Content starts

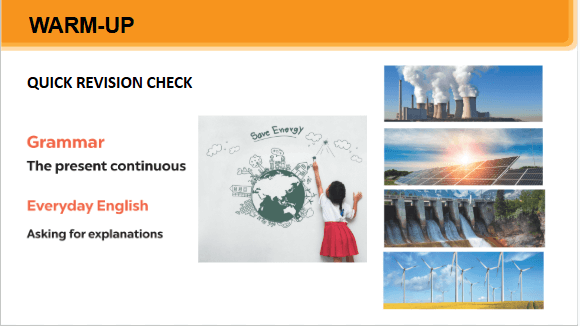 Giáo án điện tử Tiếng Anh 7 Global Success Unit 10 Looking Back | PPT Tiếng Anh 7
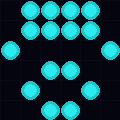 149.19.86.68
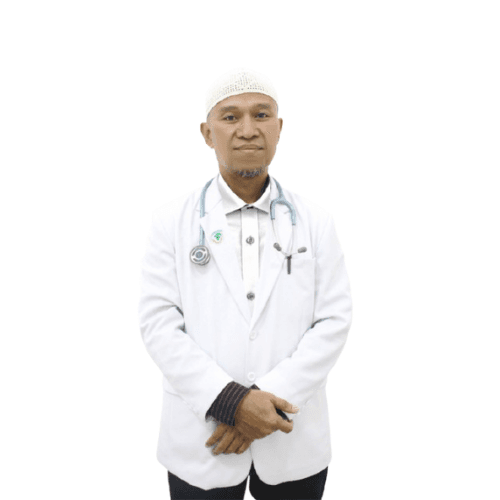 img_doctor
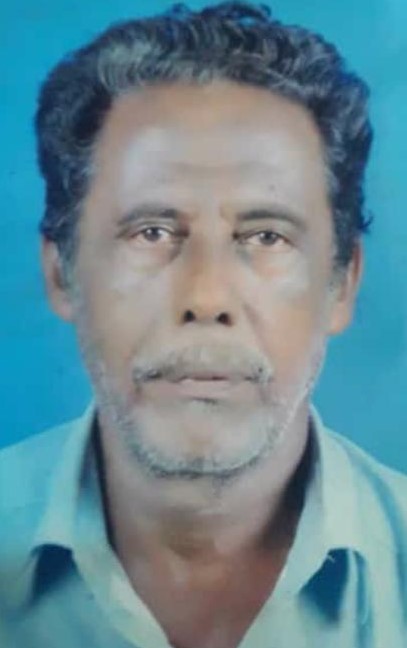 /uploads/news/1719-parameshewaran Nair.jpg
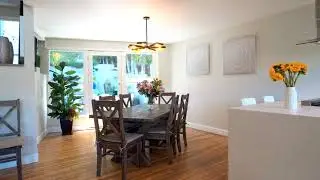 Carol Huston sells Hollywood Hills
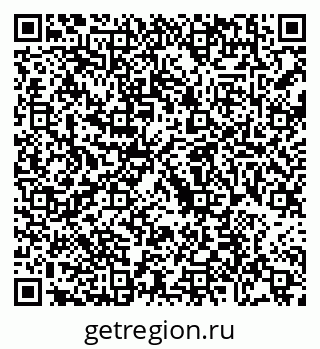 79088696284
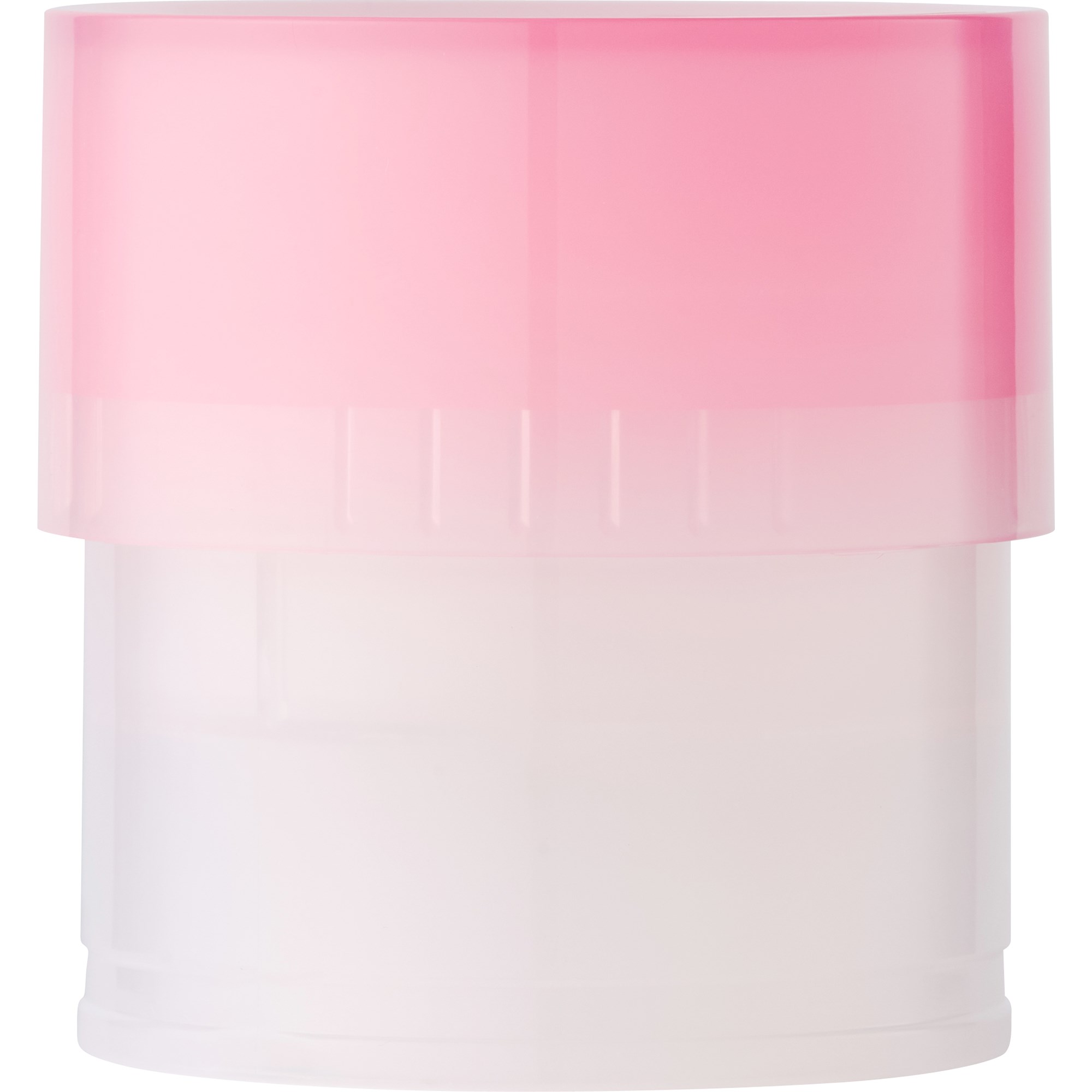 hwarang' Peony Grinding Cleansing Balm Duo Set (obrázok 4)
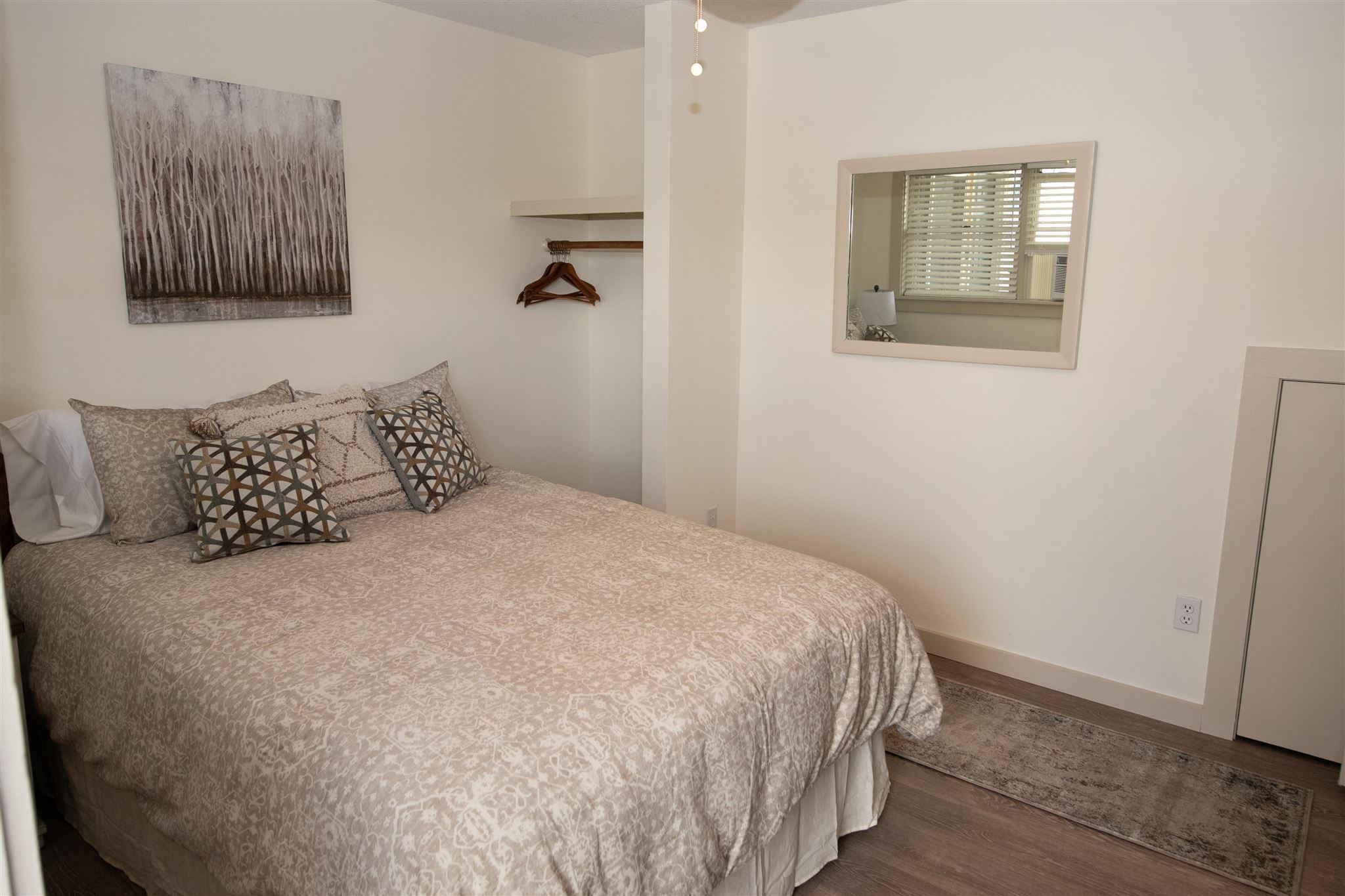 30 Pond Street, Unit 11 Ludlow, VT 05149 - Photo 15 of 27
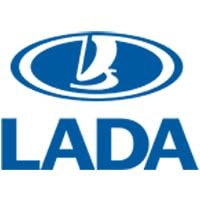 Lada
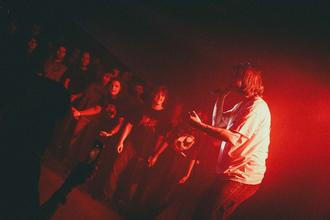 BOUND_TO_BREAK-4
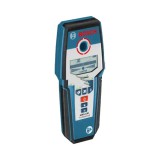 MM Bosch GMS 120 Professional keresőműszer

Content ends

**WHAT IS BEING ASKED:** Copy out the whole listing exactly, and don't carry over any pictures.

**WORKED SOLUTION:**
 Giáo án điện tử Tiếng Anh 7 Global Success Unit 10 Looking Back | PPT Tiếng Anh 7
 149.19.86.68
 img_doctor
 /uploads/news/1719-parameshewaran Nair.jpg
 Carol Huston sells Hollywood Hills
 79088696284
 hwarang' Peony Grinding Cleansing Balm Duo Set (obrázok 4)
 30 Pond Street, Unit 11 Ludlow, VT 05149 - Photo 15 of 27
 Lada
 BOUND_TO_BREAK-4
 MM Bosch GMS 120 Professional keresőműszer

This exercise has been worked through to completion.